The Billboard Women in Music Awards took over Hollywood on Wednesday night, with Keke Palmer hosting a ceremony that moved from a packed red carpet to emotional speeches and live performances. Zara Larsson won Breakthrough Artist, Mariah the Scientist took Rising Star, and Ella Langley turned a record-breaking country run into one of the night’s loudest moments.
The carpet itself told the story of the evening. Yahoo spoke with more than 15 artists across pop, country and hip-hop, while Teyana Taylor was the last to arrive and stopped to hug people in her path. Among the guests were Taylor, Larsson and the Oscar-winning KPop Demon Hunters trio Ejae, Audrey Nuna and Rei Ami, who later danced and sang from their seats during Larsson’s set.
Larsson opened early in the night with “Midnight Sun,” then later used her acceptance speech to cut against the myth of instant success. “There are so many years of hard work behind an overnight success,” she said, adding that she had stopped chasing being “the best” and instead aimed at becoming “the most me.” The line fit a show built around women who have spent years climbing before getting their turn in the spotlight.
Langley’s moment carried a different kind of weight. She had recently broken a decade-old record held by Taylor Swift, and on the carpet she laughed that her head was spinning “around like an owl,” before adding that it was “pretty scary” and “nuts.” Onstage, Lainey Wilson introduced her as “still Ella,” then Langley delivered a stripped-down version of her No. 1 hit “Choosin’ Texas” and admitted, “I really tried to write a speech for a long time, and then I procrastinated until right now.” She thanked her largely female team and said power, to her, meant strength, resilience and coming back even when you do not want to.
Mariah the Scientist kept her remarks centered on the room around her, saying everybody there was an inspiration.

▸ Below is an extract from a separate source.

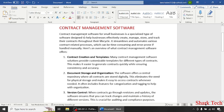Contract Management Software for small businesses is a specialized type of software designed to help businesses effectively create, manage, store and track their contracts throughout their lifecycle. It streamlines and automates various contract-related processes, which can be time-consuming and error-prone if handled manually.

The show’s emphasis on women across genres was not accidental: the performances, the carpet and the speeches all fed into the same argument, that longevity and reinvention matter as much as the breakout moment. For a night that began with a celebration of rising stars and ended with a country singer talking about fighting for her place, Billboard Women in Music answered its own headline plainly: the women being honored are no longer waiting to be noticed; they are already running the show.